Short text fragments from websites:
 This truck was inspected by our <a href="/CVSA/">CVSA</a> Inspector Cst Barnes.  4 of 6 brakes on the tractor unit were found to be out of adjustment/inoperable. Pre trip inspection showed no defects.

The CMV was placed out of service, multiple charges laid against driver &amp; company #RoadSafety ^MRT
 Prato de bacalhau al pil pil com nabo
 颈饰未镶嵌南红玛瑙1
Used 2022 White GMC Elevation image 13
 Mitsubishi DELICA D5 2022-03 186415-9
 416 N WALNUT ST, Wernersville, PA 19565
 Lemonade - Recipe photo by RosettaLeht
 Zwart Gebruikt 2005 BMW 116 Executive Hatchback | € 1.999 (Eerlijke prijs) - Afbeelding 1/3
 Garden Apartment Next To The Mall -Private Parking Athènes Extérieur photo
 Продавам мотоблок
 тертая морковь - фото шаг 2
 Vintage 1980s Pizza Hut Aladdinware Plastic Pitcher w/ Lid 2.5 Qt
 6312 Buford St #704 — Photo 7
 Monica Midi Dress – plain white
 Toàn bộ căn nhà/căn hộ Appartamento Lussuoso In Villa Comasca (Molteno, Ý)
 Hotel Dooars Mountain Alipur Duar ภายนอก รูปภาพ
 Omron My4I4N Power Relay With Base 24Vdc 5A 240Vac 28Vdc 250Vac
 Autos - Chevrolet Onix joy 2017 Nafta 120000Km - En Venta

WHAT YOU SHOULD DO: Starting at the line with "Toàn bộ căn", restate each line through the end of the records, both ends included, and stop there.

RESPONSE BELOW:
 Toàn bộ căn nhà/căn hộ Appartamento Lussuoso In Villa Comasca (Molteno, Ý)
 Hotel Dooars Mountain Alipur Duar ภายนอก รูปภาพ
 Omron My4I4N Power Relay With Base 24Vdc 5A 240Vac 28Vdc 250Vac
 Autos - Chevrolet Onix joy 2017 Nafta 120000Km - En Venta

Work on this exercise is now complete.